見る人によっては何てことない風景なのだが、私はあまりのなつかしさと、その団地がまだ存在していた事実に驚きを覚え、休みの日に訪ねてみようと思ったのだ。
ところは杉並区、丸の内線、南阿佐ヶ駅近くの阿佐ヶ谷住宅。確か昔は成宗(なりむね)団地と呼ばれていたと思う。ちなみに、現在は成宗という地名はない。
子供の頃、その団地に親しかった友人Y子が住んでいた。小学生になりたての頃だ。当時住んでいた中野から電車に乗り二駅ほどの阿佐ヶ谷に何度も訪れた。もともとY子は私の住んでいた町で、Y子の父親が勤務する都市銀行の社宅に住んでいたのだが、ある時、成宗団地が当選したかで、そこへ移り住んでいったのだった。Y子一家は窮屈な社宅暮らしから解放され、とても嬉しそうだった。
成宗団地は、2階建てのテラスハウスの棟と、3階建てと4階建ての高層のいわゆる団地スタイルの2タイプの棟がある。Y子の家は後者だった。
今でもその家の間取りは鮮明に思い出すことができるのだが、六畳や四畳半の畳の部屋3室とダイニングキッチン、キッチンの横にお風呂場とトイレがあり、キッチンの前がベランダになっていた。3DKの間取りだ。成宗団地は1950年代にできたものらしいが、住宅公団の建物で、当時はおそらくとてもモダンな住まいだったのだと思う。

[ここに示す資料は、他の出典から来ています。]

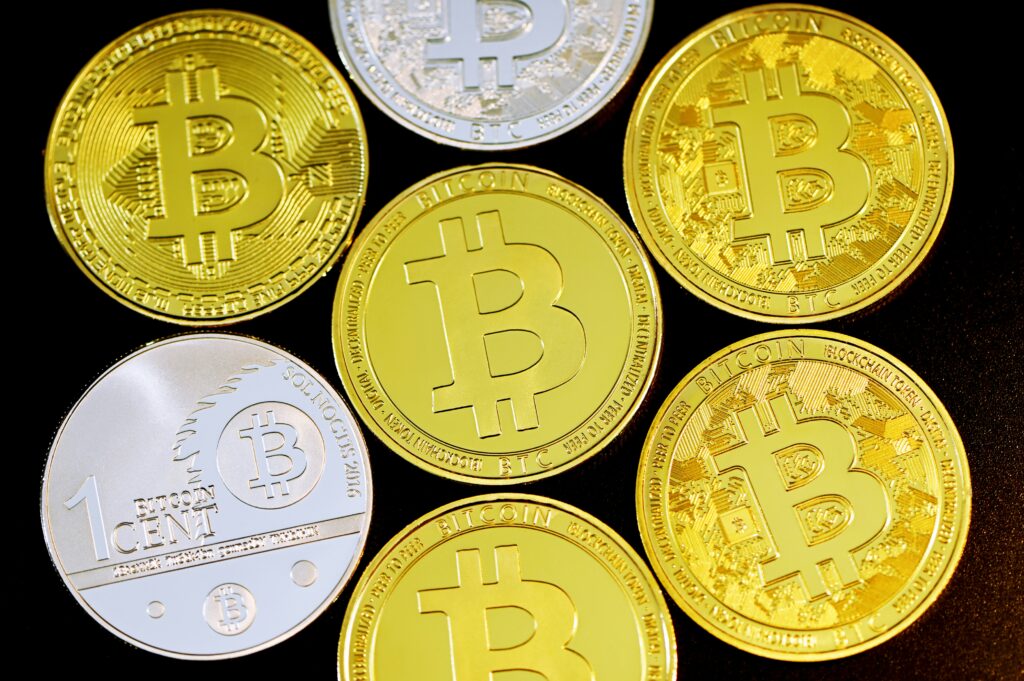 Effortlessly Manage Bitcoin With Business Finances - Image 11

その日、私はわざと地図で調べずに、昔歩いた道の記憶をたどるように阿佐ヶ谷駅から団地のある方角へ行った。青梅街道を渡ってしばらく行くと道が細くなり、そのあたりからが団地だったように記憶しているのだが、果たして現在どうなのだろう?と思いながらそちらの方へ向かうと、新しくせせこましい住宅が建っているものの、その先には見覚えのある古い建物が建ち並ぶ一角が広がっていた。
まさに私の記憶の中の成宗団地だった。
建物はすでに50年以上建っているため朽ちて、多くは空き家になり、取り壊しの日を待っている寂しさがあった。

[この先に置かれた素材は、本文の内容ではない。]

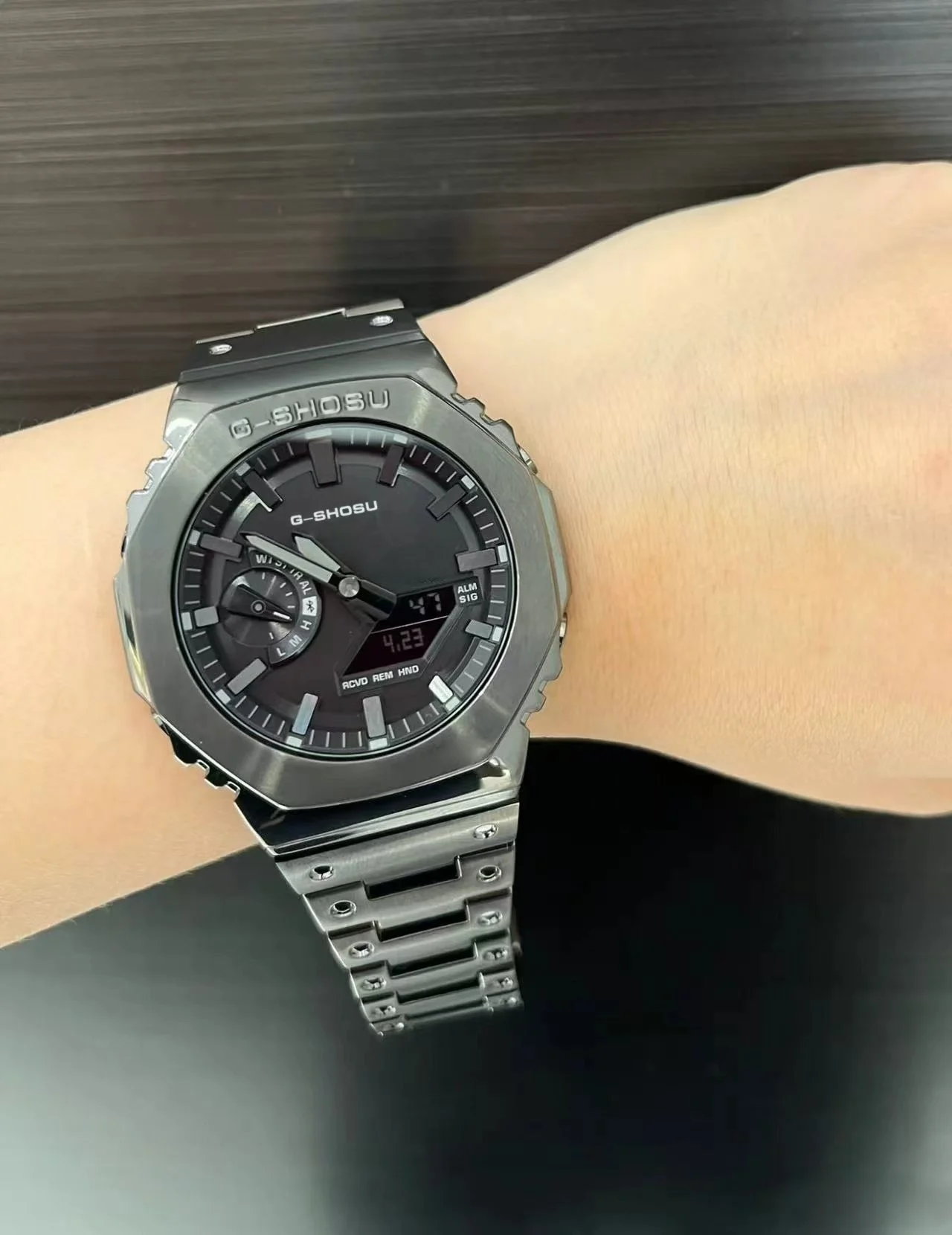 

Sports Digital Electronic Men's and Women's Universal Watch Full Function World Time Alloy LED Dial Dual Display Oak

団地の全体計画は改めて見ると、外構面積が多く、今にして思えば贅沢な建て方である。広場や道もゆったりして健康的な集合住宅なのだった。特に低層のテラスハウスは、中を改装すれば今でも充分住めるくらいの趣があった。
後に調べてみると、この棟はどうやら巨匠前川國男の作品ということを知ってさらに驚いた。
Y子が住んでいたのはどの棟だったのか、そこまでの確実な記憶はないが、おぼろげにここかなと思われるところはあった。外から見上げると、私の記憶している間取りと少しも変わっていなかった。
都会のど真ん中、しかも私の生活圏ともいえる身近に、時計が止まったように取り残された場所があったのだ。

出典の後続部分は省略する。